Back of the House

Eataly’s Vegetable Butcher Revealed

Photo: Patrick McMullan

Much to many a carnivore’s consternation, unrestrained vegetable-eating is on the rise, and to stay on top of the trend, Eataly has seen fit to put a full-time vegetable butcher on the books. That’s right. A vegetable butcher. And not just your average, run-of-the-mill vegetable butcher, but a vegetable butcher who went to Harvard, attended the Culinary Institute of America, and who also happens to be the brilliant installation artist Jennifer Rubell. It was during a midnight conversation at Del Posto, says Rubell, that she and her friend Mario Batali brainstormed the idea. (Who knows? Maybe they had had a little wine.) “You know Mario,” she says. “No matter how late at night you have a conversation with him, it’s not like he forgets, and that’s how I became the vegetable butcher.”

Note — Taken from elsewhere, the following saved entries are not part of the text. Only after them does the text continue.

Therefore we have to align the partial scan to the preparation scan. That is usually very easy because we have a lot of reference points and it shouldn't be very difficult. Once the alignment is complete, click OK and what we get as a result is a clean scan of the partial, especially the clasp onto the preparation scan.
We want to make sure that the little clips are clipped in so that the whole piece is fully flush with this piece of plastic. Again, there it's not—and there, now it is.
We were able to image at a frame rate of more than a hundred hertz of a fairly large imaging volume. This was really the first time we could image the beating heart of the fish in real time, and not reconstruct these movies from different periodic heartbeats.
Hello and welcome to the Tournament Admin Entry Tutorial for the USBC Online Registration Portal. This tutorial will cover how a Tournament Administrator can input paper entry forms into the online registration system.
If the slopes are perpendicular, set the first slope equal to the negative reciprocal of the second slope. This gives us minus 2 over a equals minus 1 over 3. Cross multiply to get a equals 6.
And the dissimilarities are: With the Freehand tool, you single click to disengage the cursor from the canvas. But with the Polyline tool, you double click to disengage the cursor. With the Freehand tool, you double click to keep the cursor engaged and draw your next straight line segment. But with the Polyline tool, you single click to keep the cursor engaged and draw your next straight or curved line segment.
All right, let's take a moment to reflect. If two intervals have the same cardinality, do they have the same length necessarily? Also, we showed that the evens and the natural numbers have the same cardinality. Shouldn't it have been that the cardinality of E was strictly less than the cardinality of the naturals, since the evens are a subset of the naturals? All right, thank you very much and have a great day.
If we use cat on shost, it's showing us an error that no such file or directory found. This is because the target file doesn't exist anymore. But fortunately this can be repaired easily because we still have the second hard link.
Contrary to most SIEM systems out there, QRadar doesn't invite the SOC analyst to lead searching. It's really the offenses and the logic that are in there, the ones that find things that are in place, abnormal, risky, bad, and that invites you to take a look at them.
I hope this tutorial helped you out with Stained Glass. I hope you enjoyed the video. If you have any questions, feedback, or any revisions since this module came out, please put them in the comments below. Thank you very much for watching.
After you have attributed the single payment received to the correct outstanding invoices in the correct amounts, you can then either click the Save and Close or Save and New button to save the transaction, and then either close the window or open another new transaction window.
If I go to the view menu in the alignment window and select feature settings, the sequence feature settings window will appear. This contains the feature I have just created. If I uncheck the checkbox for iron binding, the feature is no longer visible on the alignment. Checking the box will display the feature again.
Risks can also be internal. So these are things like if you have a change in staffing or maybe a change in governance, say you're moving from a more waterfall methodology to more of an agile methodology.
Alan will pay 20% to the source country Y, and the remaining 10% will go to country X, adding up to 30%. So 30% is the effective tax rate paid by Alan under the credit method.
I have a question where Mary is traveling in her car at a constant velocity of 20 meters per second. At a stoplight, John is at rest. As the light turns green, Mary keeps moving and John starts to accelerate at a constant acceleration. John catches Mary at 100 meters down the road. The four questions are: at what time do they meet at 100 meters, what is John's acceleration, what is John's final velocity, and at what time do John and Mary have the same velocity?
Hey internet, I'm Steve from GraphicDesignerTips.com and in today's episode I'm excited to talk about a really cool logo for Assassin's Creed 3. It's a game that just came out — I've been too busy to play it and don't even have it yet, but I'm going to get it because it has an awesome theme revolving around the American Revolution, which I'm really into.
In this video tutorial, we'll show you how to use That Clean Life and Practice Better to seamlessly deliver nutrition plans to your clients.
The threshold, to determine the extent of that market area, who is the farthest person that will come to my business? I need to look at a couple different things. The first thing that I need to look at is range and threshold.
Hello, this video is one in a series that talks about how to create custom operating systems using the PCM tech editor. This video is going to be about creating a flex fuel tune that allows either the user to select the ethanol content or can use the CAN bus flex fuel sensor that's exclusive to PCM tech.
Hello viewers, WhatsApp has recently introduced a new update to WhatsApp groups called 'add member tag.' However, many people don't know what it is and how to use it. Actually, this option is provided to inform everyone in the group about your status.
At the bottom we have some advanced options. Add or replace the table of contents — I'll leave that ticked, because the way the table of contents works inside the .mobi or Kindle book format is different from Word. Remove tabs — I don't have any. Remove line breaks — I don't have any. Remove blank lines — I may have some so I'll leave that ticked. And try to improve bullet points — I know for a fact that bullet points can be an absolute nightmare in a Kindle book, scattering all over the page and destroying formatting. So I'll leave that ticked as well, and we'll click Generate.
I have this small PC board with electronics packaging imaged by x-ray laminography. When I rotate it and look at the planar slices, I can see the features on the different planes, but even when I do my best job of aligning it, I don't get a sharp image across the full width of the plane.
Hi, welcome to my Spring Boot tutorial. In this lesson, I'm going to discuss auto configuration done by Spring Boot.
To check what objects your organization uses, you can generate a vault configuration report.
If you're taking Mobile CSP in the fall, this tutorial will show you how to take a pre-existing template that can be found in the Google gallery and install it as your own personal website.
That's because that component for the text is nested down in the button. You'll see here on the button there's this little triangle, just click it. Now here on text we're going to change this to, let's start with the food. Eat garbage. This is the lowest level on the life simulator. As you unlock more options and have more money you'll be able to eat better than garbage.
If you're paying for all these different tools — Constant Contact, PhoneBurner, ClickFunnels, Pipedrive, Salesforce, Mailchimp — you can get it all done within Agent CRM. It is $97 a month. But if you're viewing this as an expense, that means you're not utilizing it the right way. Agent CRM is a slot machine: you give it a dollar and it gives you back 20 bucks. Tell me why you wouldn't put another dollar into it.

And what exactly does a vegetable butcher do? “Anything you want,” says Batali. “If you’re not familiar with how to trim an artichoke, we’ll trim you an artichoke. If you don’t think you have time to peel your baby carrots, you can leave them with us and go shop in the other parts of the store, and we’ll peel them. We’ll do anything other than cook them.” In case you were wondering, the service is free, but as for those carrot trimmings, they will cost you: The vegetable butcher will place them in a separate bag that will be weighed at the checkout counter, and then deposited into a handy compost bin. So is it art or is it commerce? “You know the line between what I do that’s art and isn’t art is so super-fuzzy,” says Rubell. “So it’s authentically a part of Eataly, and it will exist after I stop doing it. But at the same time, I see it as a kind of performance.”